# Recent College Grad moving to Mexico. Costs of living?



## RJV08 (Jun 25, 2013)

I am new to this site, and I will try to make this short

I'm a recent college graduate in anthropology, and I have lived in the Midwest for my entire life. I am Mexican-American, and I'm hoping to obtain a Mexican passport within the next few weeks. I have expressed interest in teaching English abroad in Guadalajara, Mexico, and the program that I am in rolling with has a guaranteed job placement in that area, but I am curious to know what are the cost of living in that city. 

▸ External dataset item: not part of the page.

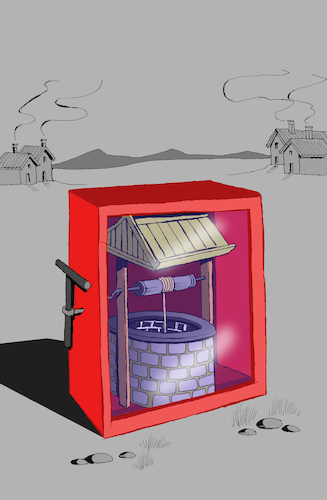 Cartoon: Village on Fire... (medium) by berk-olgun tagged village,on,fire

I do not have much money, since I'm only working a part time job back here in the States before I take my ITTO (International Teacher Training Organization) course in Mexico. 

it's become a dream for me to travel & live in a country outside of the US, but I need to know what I need to prepare myself for. I am leaving on July 28th, and I do not know if I will come back or not, depending on how things go. if it helps, I will be getting a Mexican passport within the next few weeks, and I am fluent in English, Spanish, and Italian, and I also speak proficient French and Portuguese. hopefully anyone who has been in a similar situation will be able to help me out, but I welcome any help from anyone. If anyone needs more information, let me know. Please and thank you


----------



## sputnik (Jan 10, 2011)

have you had any replys to your post? I just saw it. I will reply to you by private email if you want to give it. thanks ....here is [email protected]


----------



## TundraGreen (Jul 15, 2010)

RJV08 said:


> …and the program that I am in rolling [sic] with has a guaranteed job placement in that area, but I am curious to know what are the cost of living in that city.…

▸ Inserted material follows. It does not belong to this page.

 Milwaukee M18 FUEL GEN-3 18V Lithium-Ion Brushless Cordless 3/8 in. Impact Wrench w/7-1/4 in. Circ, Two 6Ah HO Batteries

I envy your facility with languages. I have learned passable Spanish since coming to Mexico and am working on German, but will never be fluent in anything but English.

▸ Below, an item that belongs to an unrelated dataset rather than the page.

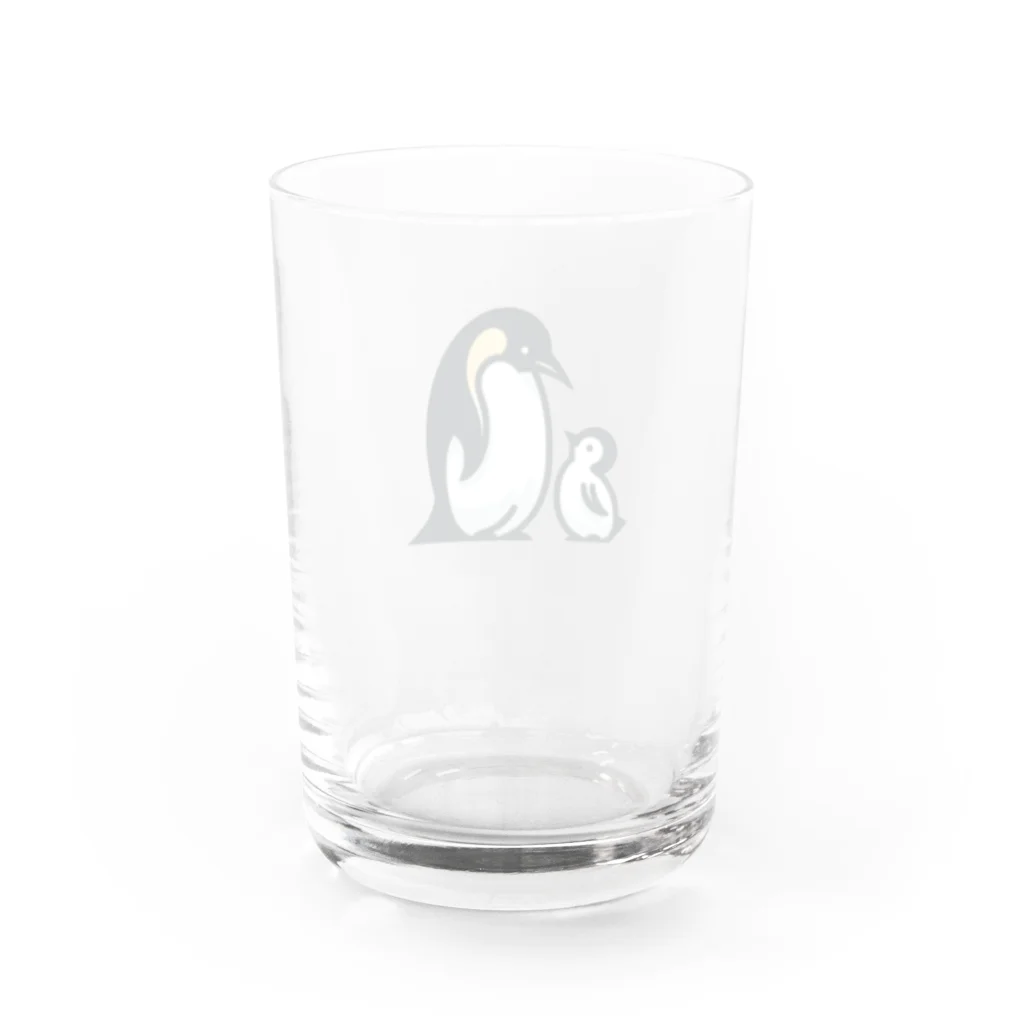 もふもふの森のペンギンのおやこ Water Glass :back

Given your language skills, the homophone mix up was amusing, "in rolling" for "enrolling".


----------



## AlanMexicali (Jun 1, 2011)

TundraGreen said:


> I envy your facility with languages. I have learned passable Spanish since coming to Mexico and am working on German, but will never be fluent in anything but English.
> 
> Given your language skills, the homophone mix up was amusing, "in rolling" for "enrolling".


After a complete year here and not speaking English with my wife or anyone else I also mix up words right here on the forum. If 15 minutes passes and I cannot edit, they remain. 

Sometimes I have to think about what is the correct grammar in English when thinking to myself.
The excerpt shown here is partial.